Callaway and Topgolf to operate as two independent companies three years after merging
Topgolf's parent company plans to spin off the golf entertainment venue business. (CoStar)
Topgolf's parent company plans to spin off the golf entertainment venue business. (CoStar)
CoStar News
September 5, 2024 | 7:05 P.M.

Topgolf's parent company plans to spin off the golf entertainment venue business to create two independent entities, Callaway and Topgolf, to help both become more profitable just three years after merging the companies.

Topgolf Callaway Brands, based in Carlsbad, California, expects the spinoff of Topgolf into a stand-alone public company to be complete in the second half of 2025. Topgolf's revenue in the 12 months ending June 30 was about $1.8 billion, while Callaway's topped about $2.5 billion in that period.

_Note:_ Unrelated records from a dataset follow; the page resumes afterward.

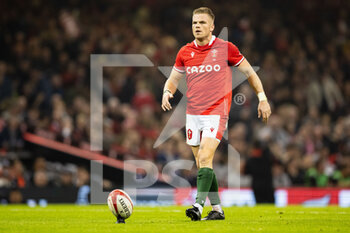05/11/2022 - Gareth Anscombe of Wales during the 2022 Autumn Nations Series, rugby union test match between Wales and New Zealand on November 5, 2022 at Principality Stadium in Cardiff, Wales - RUGBY - TEST MATCH - WALES V NEW ZEALAND - AUTUMN NATIONS SERIES - RUGBY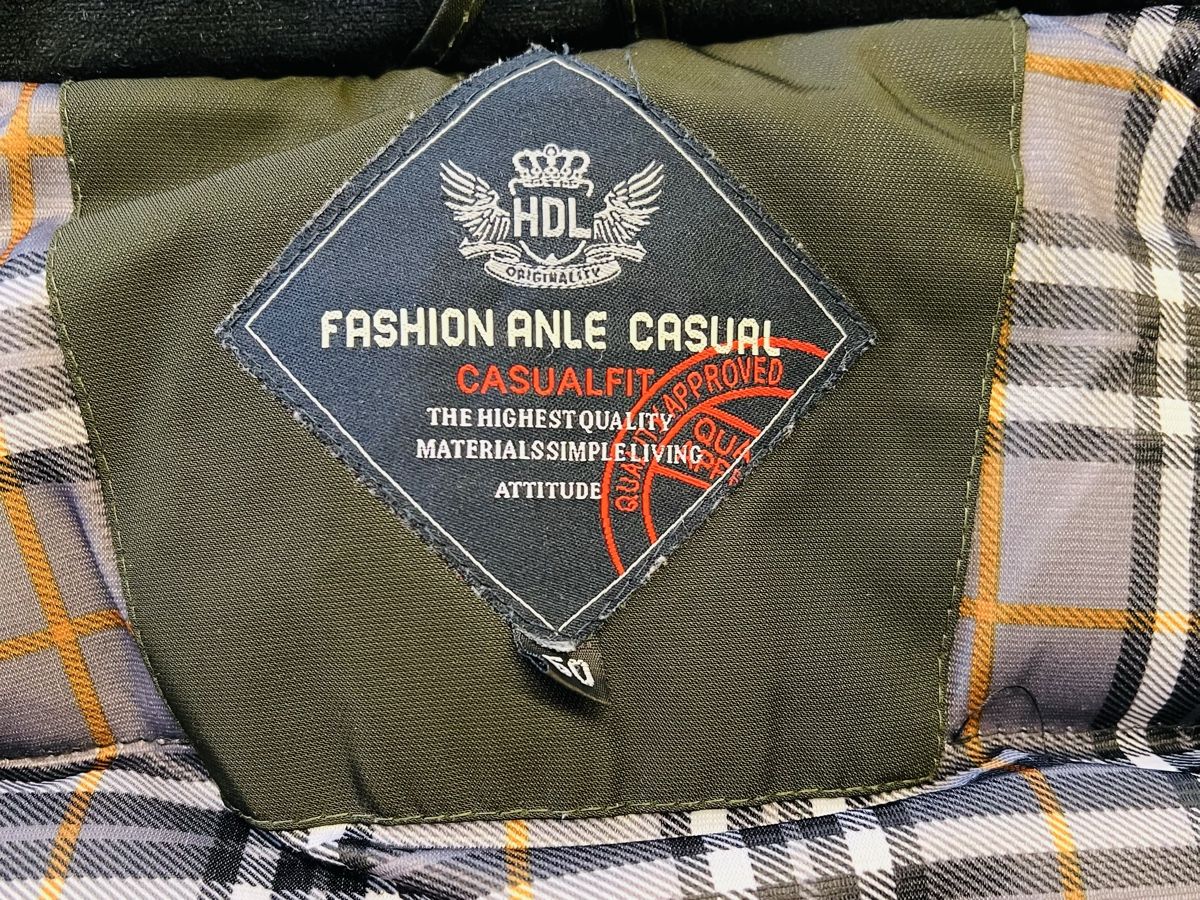 Giacche: HDL Casual Fit Winter Jumper / Jacket – Nuovo (secondo la descrizione) da Fribourg venduto da saw_hyb8 3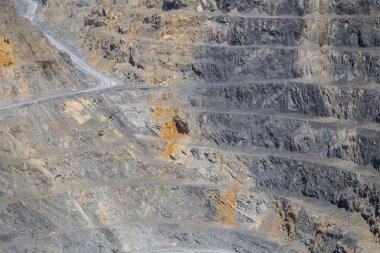 Büyük, açık bir magnezit ocağı.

To help fund the spinoff, the company plans to reduce the number of Topgolf venues in its construction pipeline next year to between four and six venues to free up cash for the transition, according to a statement. Additional details on its development plans were not immediately available from the company.

Once the spinoff is complete, Topgolf will have a significant cash balance and no financial debt, while Callaway will be able to operate "at an appropriate level of leverage for its operations and financial profile," according to the statement.

The proposed spinoff comes on the heels of the company's executives telling investors that consumer belt-tightening has hit Topgolf's bottom line. The spinoff is the result of a strategic review conducted by the parent company after disappointing stock performance and a drop in its year-over-year venue sales.

"Looking forward, we remain convinced that Topgolf is a high-quality, free cash flow generating business with a significant future value creation opportunity," Topgolf Callaway Brands President and CEO Chip Brewer said in a statement.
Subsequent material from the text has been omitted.